Oh, absolutely. And the beloved Kovacevich playing.


----------



## BiscuityBoyle (Feb 5, 2018)

My current favorite is #6 from op. 118, one of his darkest pieces


----------



## Guest (May 8, 2018)

Not looking too bad for 184!!!


----------



## mrpoodestump (May 8, 2018)

Thanks for the post, I've neglected listening to Brahms, I'm just now getting into his music and I've been enjoying every moment


----------



## Strange Magic (Sep 14, 2015)

Brahms has the distinction of having quite probably the most successful Opus No. 1 among composers, his Piano Sonata No. 1, a favorite of mine from the moment I first heard it.


----------



## Room2201974 (Jan 23, 2018)

BiscuityBoyle said:


> My current favorite is #6 from op. 118, one of his darkest pieces


Also one of my favorites! I had Van Cliburn's _My Favorite Brahms_ on cassette and darn near wore off the magnetic part of the tape listening to it!!!!


----------



## Rogerx (Apr 27, 2018)

Didn't I see a composers birthday thread somewhere on this site?


----------



## Brahmsian Colors (Sep 16, 2016)

A rousing "Academic Festival" cheer for Brahms, and may his noble works shine for many more years to come.


----------



## Guest (May 8, 2018)

Rogerx said:


> Didn't I see a composers birthday thread somewhere on this site?

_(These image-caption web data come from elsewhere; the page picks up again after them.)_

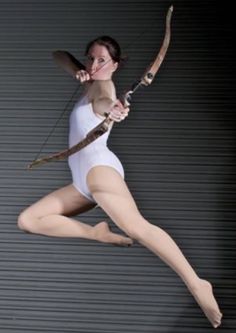 a woman in white leotard holding a bow and arrow with both hands while jumping up into the air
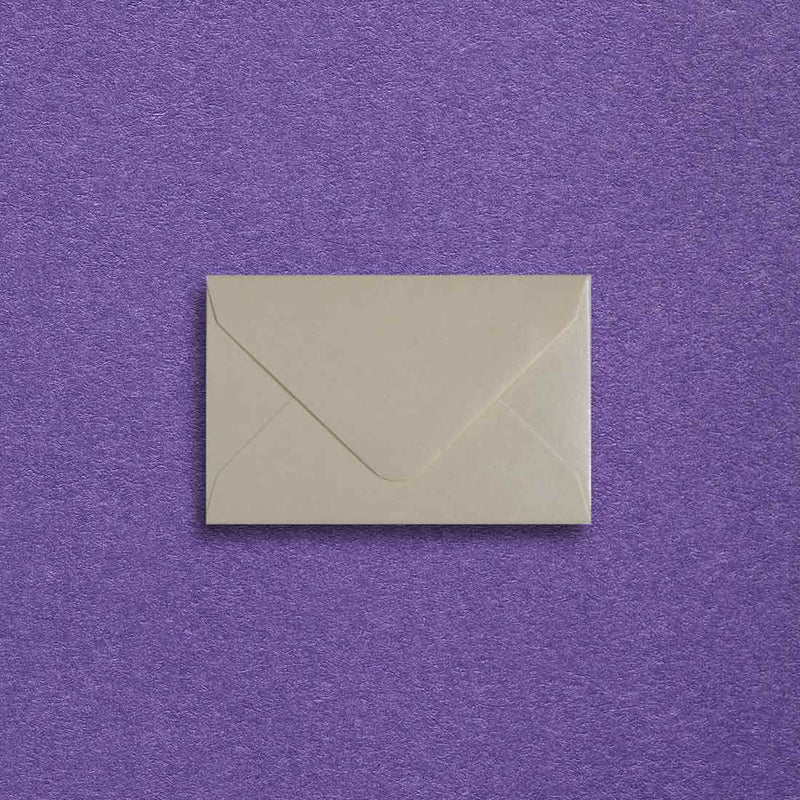 A diamond flapped mini cream envelope, made with a pearlescent shiny paper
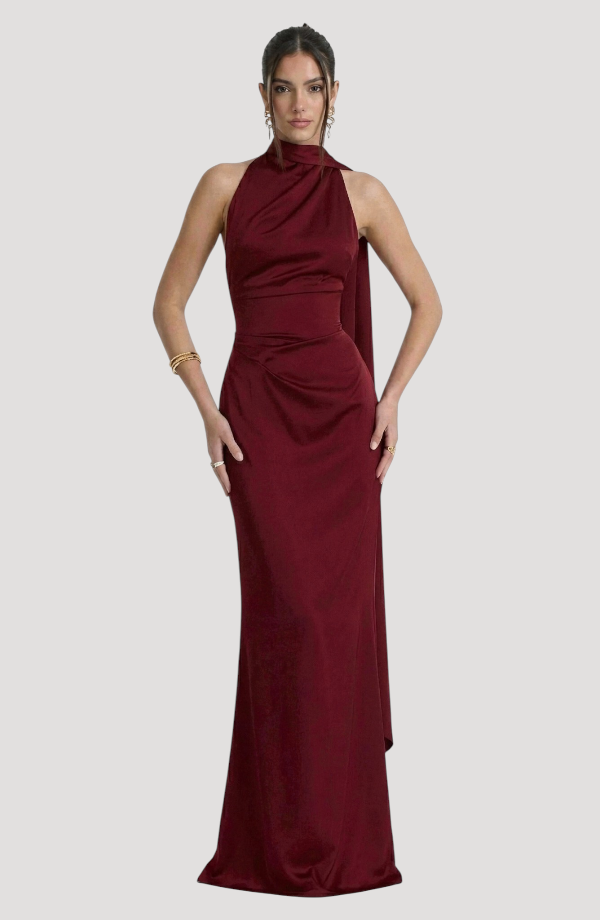 LORVENES claret satin halter evening dress displayed on a mannequin, showcasing its elegant halter neckline and flowing satin fabric.
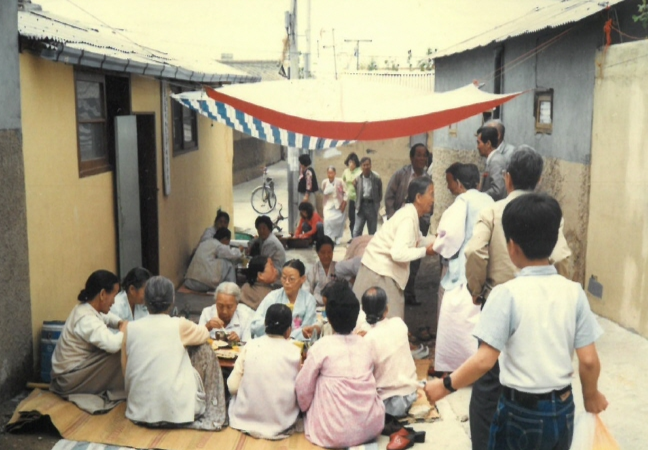 1970년대 대구 북구 복현1동 골목에서 주민들이 돗자리를 펴고 함께 마을 잔치를 즐기고 있다. 북구청 제공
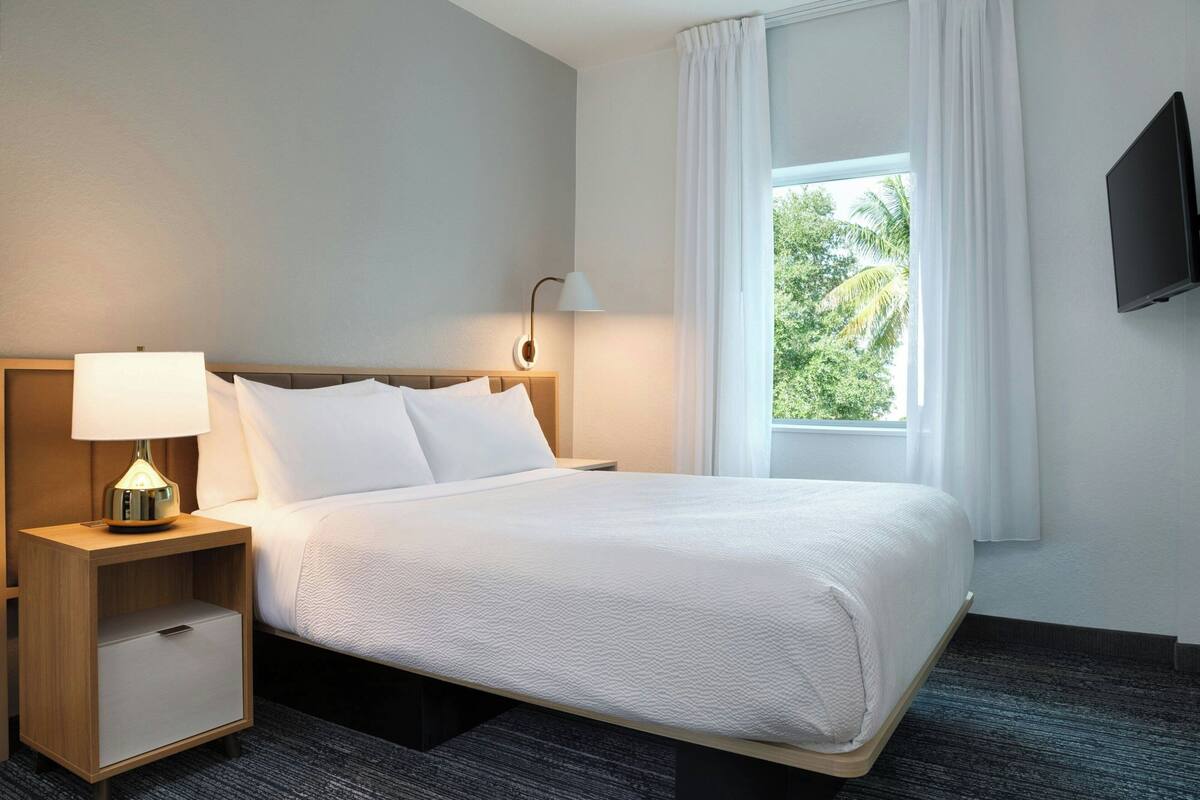 Ein Hotelzimmer mit einem Bett, einem Nachttisch mit Lampe, einem an der Wand montierten Fernseher und einem Fenster mit Vorhängen.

Very possible. I'm a technological klutz. This is a beautiful work by Brahms, and it isn't often heard: *Schicksalslied*


----------



## Rogerx (Apr 27, 2018)

Christabel said:


> Very possible. I'm a technological klutz. This is a beautiful work by Brahms, and it isn't often heard: *Schicksalslied*
> 
> ]


Composer Birthdays


----------



## Beet131 (Mar 24, 2018)

Brahms' chamber music has always been my favorite. I'm listening to the Brahms Piano Quintet performed by Barry Douglas and the Tokyo String Quartet. (Thanks to hpowders recommendation!)


----------



## Beet131 (Mar 24, 2018)

mrpoodestump said:


> Thanks for the post, I've neglected listening to Brahms, I'm just now getting into his music and I've been enjoying every moment


You will be richly rewarded!


----------



## Sloe (May 9, 2014)

I listened to his requiem yesterday morning.

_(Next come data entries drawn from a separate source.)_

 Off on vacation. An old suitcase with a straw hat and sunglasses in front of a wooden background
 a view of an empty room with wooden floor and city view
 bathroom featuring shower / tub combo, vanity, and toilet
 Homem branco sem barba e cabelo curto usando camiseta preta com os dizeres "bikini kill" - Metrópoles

He wrote beautiful songs too:


----------



## ldiat (Jan 27, 2016)

Rogerx said:


> Composer Birthdays


yes composers birthday and one member posted just about every day with birthdays....then as of April 27th no posts. i guess there were no birthdays until.... i guess there is a web site one can visit to check birthdays. i wonder why the member stopped???


----------



## Bulldog (Nov 21, 2013)

ldiat said:


> yes composers birthday and one member posted just about every day with birthdays....then as of April 27th no posts. i guess there were no birthdays until.... i guess there is a web site one can visit to check birthdays. i wonder why the member stopped???


Boredom would be one possibility.


----------



## Larkenfield (Jun 5, 2017)

Happy Birthday Brahms! Fresh & Lively. From Lark


----------



## ldiat (Jan 27, 2016)

Larkenfield said:


> Happy Birthday Brahms! Fresh & Lively. From Lark


double like with Nicola!


----------



## ldiat (Jan 27, 2016)

Bulldog said:


> Boredom would be one possibility.


i think "boredom " is the wrong word. how can one get board on this message board. gee so many neat threads...jokes-non classic music- Which aria (or duet, scene, etc) made you fall in love with your favorite singers?


----------



## Beet131 (Mar 24, 2018)

Larkenfield said:


> Happy Birthday Brahms! Fresh & Lively. From Lark


This is one of my favorite movements from Brahms' Piano Trio No. 1, Op. 8, as well as all of his chamber music!  The central section of this movement is so beautifully lyrical. What a visually stunning video too!


----------



## Rogerx (Apr 27, 2018)

Beet131 said:


> This is one of my favorite movements from Brahms' Piano Trio No. 1, Op. 8, as well as all of his chamber music! The central section of this movement is so beautifully lyrical. *What a visually stunning video too!*


Shame they didn't pay attention enough, like the Beethoven score in front of the players.


----------



## Gottfried (Feb 16, 2018)

Magnificent Brahms. Listening to his violin concerto as I write.

Piano trio #1: along with Haydn's Gypsy, and for very different reasons, my favorite of the genre.


----------